I have had numerous duracells leak. I have completely stopped buying them.


----------



## jwargod (Feb 8, 2017)

Thanks for the replies guys, definitely helps with some future decision making.


----------



## TinderBox (UK) (Feb 8, 2017)

Great big alkaline battery test from december 2016

Full test link below.

http://goughlui.com/2016/12/19/great-aa-alkaline-battery-test-pt-1-battery-testing-fundamentals/

Just the results link below.

http://goughlui.com/2016/12/19/great-aa-alkaline-battery-test-pt-3-the-results

John.


----------



## gamester (Mar 18, 2022)

firsttothescene said:


> I have had numerous duracells leak. I have completely stopped buying them.
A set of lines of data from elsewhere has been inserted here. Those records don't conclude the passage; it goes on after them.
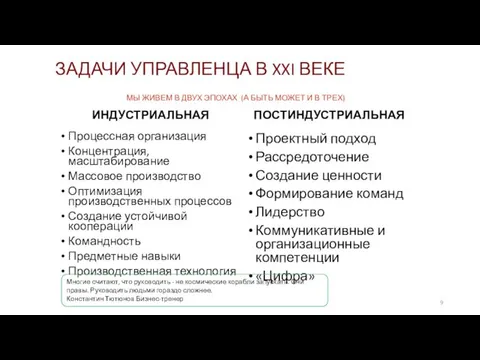 ЗАДАЧИ УПРАВЛЕНЦА В XXI ВЕКЕ ИНДУСТРИАЛЬНАЯ Процессная организация Концентрация, масштабирование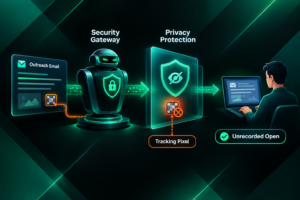 Illustration showing how security gateways and privacy tools intercept outreach email tracking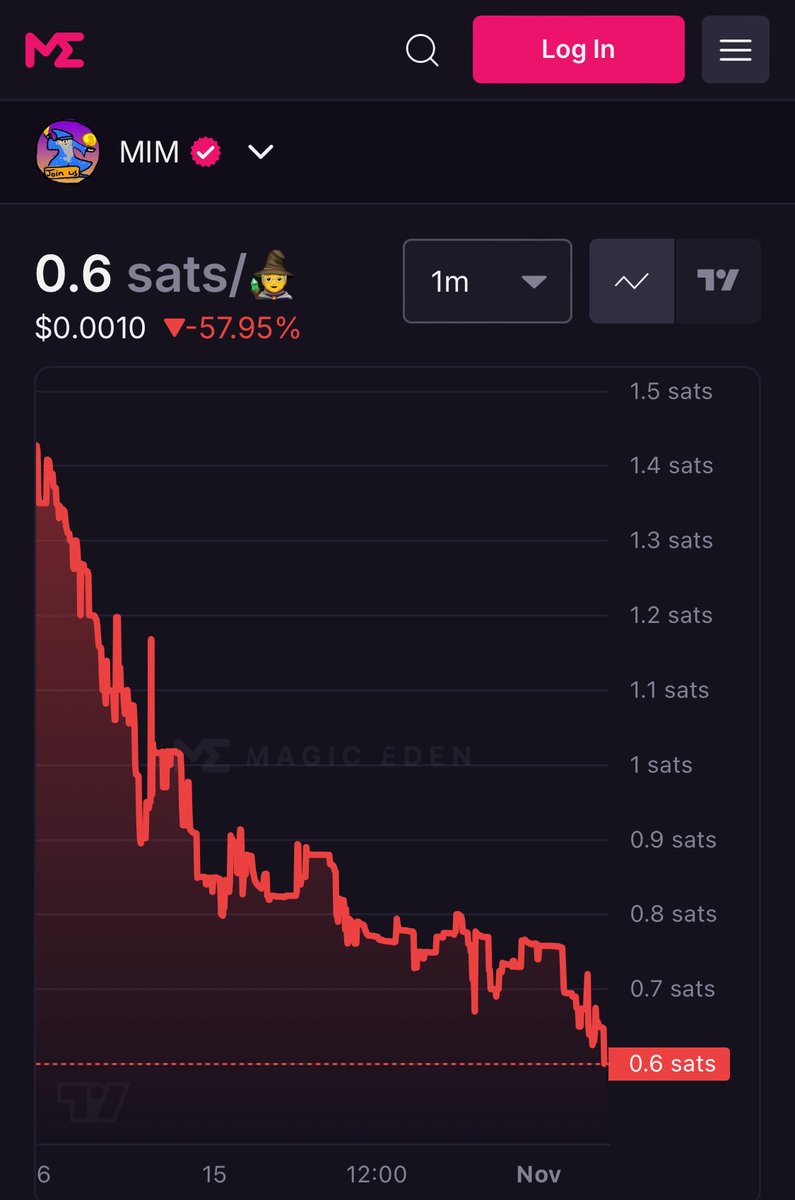 MagicNetMoney's tweet image. Oh my god, please does anyone have contact with @NomadTheSavior?

Please Nomad we need you back, $MIM and rune prices have been tanking since you were removed. Please come back and save us 

@mavensbot, @udiWertheimer, @rodarmor if you have contact with Nomad please get him to…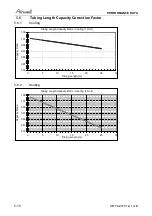 Preview for 33 page of Airwell SX 12 DCI Service Manual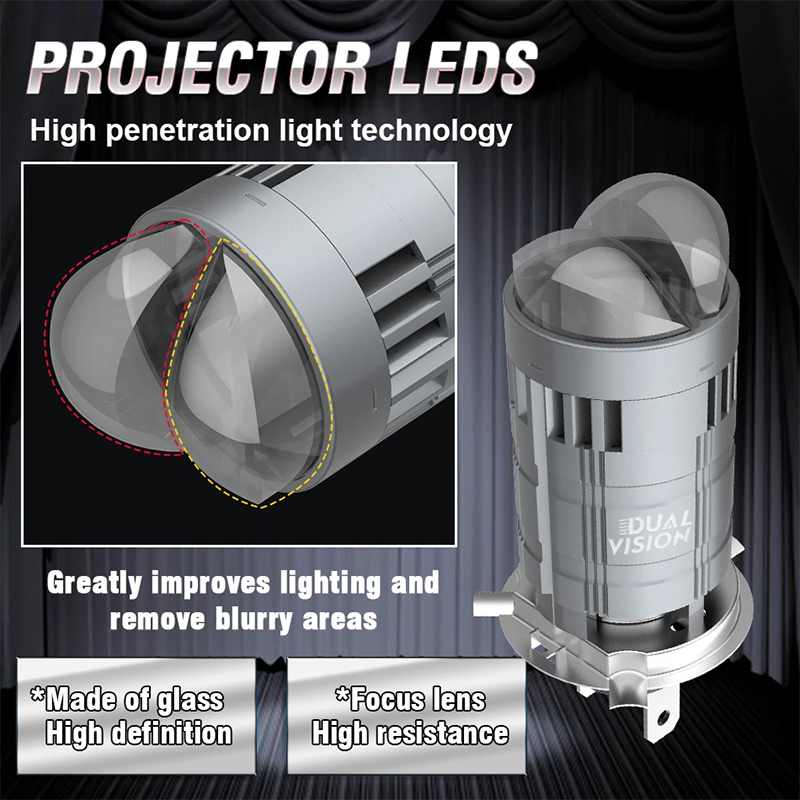 1/2 Piezas Lente H4 para Proye - Home Cinema Projector reseña y precio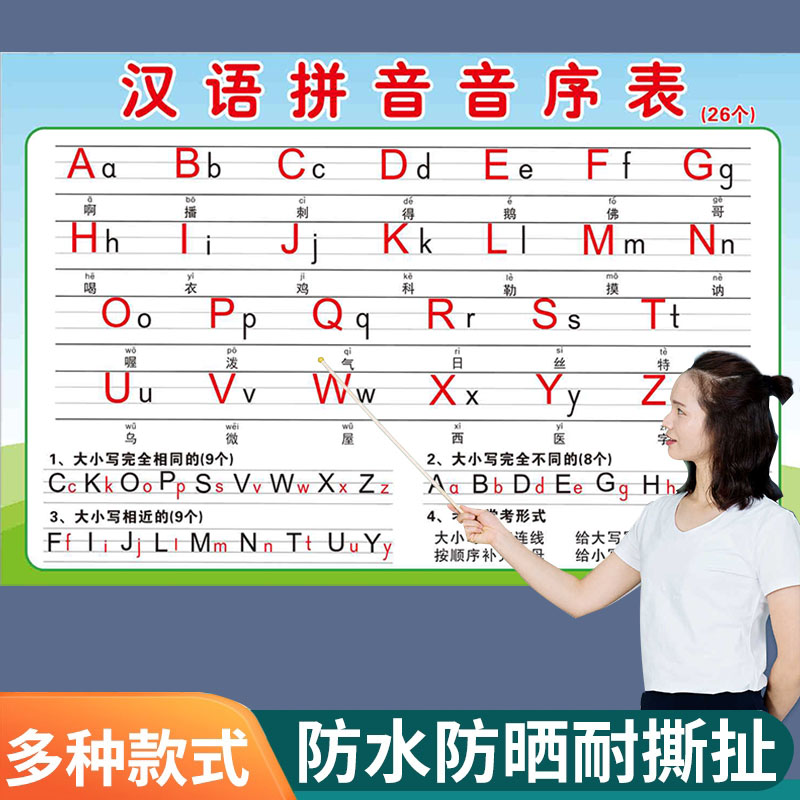 小学生儿童一年级下汉语拼音音序表汉字标注大小写挂图海报贴画纸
Over the last 4-5 years I have experienced a 100% failure in Duracells. All leaking some within 30 days of initial use. I would avoid Duracell at all cost. I have pics of hundreds of batteries and 2-3 dozen devices they have ruined. Oh, and their warranty is useless. They have a process that takes about a year and they hassle you often times making it difficult (if ever) to get your devices replaced.


----------



## WC8KCY (Mar 18, 2022)

Though this is something of a 'zombie thread', I thought I'd chime in here...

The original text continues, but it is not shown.